>>>

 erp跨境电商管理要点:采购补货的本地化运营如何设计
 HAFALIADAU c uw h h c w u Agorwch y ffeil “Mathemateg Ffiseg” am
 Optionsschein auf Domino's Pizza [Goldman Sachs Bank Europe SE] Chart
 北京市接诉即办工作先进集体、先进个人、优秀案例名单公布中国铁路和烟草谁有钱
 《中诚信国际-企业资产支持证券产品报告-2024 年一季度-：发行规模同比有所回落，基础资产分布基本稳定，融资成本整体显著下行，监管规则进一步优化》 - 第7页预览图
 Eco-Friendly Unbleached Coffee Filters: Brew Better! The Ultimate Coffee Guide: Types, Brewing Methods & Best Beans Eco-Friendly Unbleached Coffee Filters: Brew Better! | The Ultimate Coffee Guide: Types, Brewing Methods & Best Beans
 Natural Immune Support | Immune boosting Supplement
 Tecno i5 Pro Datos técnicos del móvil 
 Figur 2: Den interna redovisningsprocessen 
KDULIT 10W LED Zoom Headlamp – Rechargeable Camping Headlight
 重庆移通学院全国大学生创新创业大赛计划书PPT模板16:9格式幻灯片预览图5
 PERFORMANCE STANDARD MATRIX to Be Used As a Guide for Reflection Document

<<<

EXERCISE OBJECTIVE: Each line from the one containing "Figur 2: Den interna redovisningsprocessen" through the end of the listing above should be copied exactly, with no other line included.

EXERCISE RESULT:
 Figur 2: Den interna redovisningsprocessen 
KDULIT 10W LED Zoom Headlamp – Rechargeable Camping Headlight
 重庆移通学院全国大学生创新创业大赛计划书PPT模板16:9格式幻灯片预览图5
 PERFORMANCE STANDARD MATRIX to Be Used As a Guide for Reflection Document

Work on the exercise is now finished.